Miners in Tunisia, textile workers in India, and the Transatlantic Trade and Investment Partnership (TTIP) are the subjects of January’s London Socialist Film Co-op screening at the Bolivar Hall.

Scene from film.
Cursed Be The Phosphate. Image: Doha Film Institute.

In 2011 a revolution in Tunisia overthrew the country’s autocratic president Zine El Abidine Ben Ali and was followed by free elections. One of the protests that inspired this Arab Spring — and what has been called the Jasmine Revolution — is documented in a film by director Sami Tlili. Cursed Be The Phosphate tells the story of six-month sit-in by Tunisian miners outside the Redyef town hall in south west Tunisia.

Scene from film.
Occupation: Millworker. Image: patwardhan.com

Occupation: Millworker tells the story of textile workers who, after a four-year lockout, forcibly occupied Bombay’s New Great Eastern Mill. Once the backbone of Bombay’s economy and provided the city with its working class culture, textile mills are now succumbing to rising real-estate prices which has made selling mill lands more profitable than running mills. Patwardhan’s film records the action of workers who want to take over the mill and run it themselves.
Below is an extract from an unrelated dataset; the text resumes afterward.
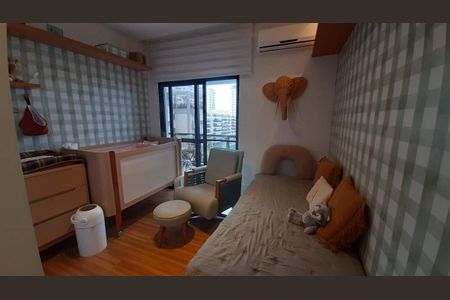 Apartamento à venda com 249m², 3 quartos e 3 vagas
After the two documentaries a discussion will be led by John Hilary, executive director of War On Want. Hilary will also have a lot to say on TTIP: a comprehensive free trade and investment treaty currently being negotiated –- in secret –- between the European Union and the USA.

Cursed Be the Phosphate. Dir: Sami Tlili, Tunisia 2012 [Advised PG], 78 mins. Occupation: Millworker. Dir: Anand Patwardhan, India 1996 [PG], Hindi with EST, 22 mins.

Sunday 11 January 2015, 10.20 for 11am. Bolívar Hall, 54 Grafton Way, Fitzrovia, London W1T 5DL. Tickets available from 10.20am on the day and may not be booked in advance. Admission £10, concessions £8. Annual members £6/£4. No credit cards. London Socialist Film Co-op.